Barbie Groom and Glam Pups (2013, 3DS)
Dogs are pretty great, make no mistake. I prefer to give them scritchins and snuggle with them rather than glam them up. I also have nothing against Barbie. She doesn’t come with a proton pack or transform into anything, but I guess some kids have more imagination. However, I can’t fathom a reason why I’d ever want to spend upwards of $2000 on something like this. $2000 could get you a pretty great dog, but you can also get their boundless affection and gratitude for much cheaper if you adopt.

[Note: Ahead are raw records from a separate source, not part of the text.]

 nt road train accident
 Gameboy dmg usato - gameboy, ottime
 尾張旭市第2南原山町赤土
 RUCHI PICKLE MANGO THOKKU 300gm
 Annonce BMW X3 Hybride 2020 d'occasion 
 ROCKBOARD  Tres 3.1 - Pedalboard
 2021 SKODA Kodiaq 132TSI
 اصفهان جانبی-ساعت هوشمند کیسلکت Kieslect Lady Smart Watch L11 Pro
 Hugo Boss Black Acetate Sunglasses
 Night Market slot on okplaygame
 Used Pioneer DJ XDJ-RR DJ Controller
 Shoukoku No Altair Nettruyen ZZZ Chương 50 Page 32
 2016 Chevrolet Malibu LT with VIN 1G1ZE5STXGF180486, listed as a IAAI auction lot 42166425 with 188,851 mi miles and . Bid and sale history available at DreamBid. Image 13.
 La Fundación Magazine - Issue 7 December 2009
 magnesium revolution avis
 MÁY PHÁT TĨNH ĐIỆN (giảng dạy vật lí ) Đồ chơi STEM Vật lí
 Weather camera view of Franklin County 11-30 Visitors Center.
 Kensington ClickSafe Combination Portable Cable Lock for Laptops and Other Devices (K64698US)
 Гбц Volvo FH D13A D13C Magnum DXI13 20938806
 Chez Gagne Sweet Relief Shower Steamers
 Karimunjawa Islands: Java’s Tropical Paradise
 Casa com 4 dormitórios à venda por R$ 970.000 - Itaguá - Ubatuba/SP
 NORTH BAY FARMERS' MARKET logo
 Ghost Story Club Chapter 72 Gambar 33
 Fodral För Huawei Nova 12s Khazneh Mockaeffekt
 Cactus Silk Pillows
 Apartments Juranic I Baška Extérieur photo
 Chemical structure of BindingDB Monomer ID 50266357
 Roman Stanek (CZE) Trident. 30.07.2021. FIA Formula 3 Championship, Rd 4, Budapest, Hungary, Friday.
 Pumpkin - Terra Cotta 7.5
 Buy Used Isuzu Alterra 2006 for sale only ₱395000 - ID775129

The reason Barbie: Groom and Glam Pups is so expensive is that the only NTSC version of it was released at limited locations in some obscure country called Canada. I guess if you really need to complete your 3DS collection, you have no choice, but if you’d rather just play the game, get the Wii or DS versions for under $10.
Action 52 (1991, NES)
I’m almost embarrassed to say that I own a copy of Action 52 on the NES, but at around $300, it’s the lower-priced items on this list. Inspired by pirate cartridges, Action 52 is a sound idea on paper. 52 games, all in one cartridge, for the low (?) entry fee of $200. But while pirate cartridges (usually) just consist of a bunch of already-released games, all 52 games on this cartridge are completely new. Unfortunately, the three (or maybe four) college students enlisted to develop the games were given three months to complete all 52 of them.
The result is a collection of games that aren’t even passable at their best and literally unplayable at their worst. There’s nothing worth playing in the lot. Its price is held aloft by the fact that there aren’t many in circulation, and it’s notorious as one of the worst games ever. You don’t have to play it yourself; I can confirm it’s not good.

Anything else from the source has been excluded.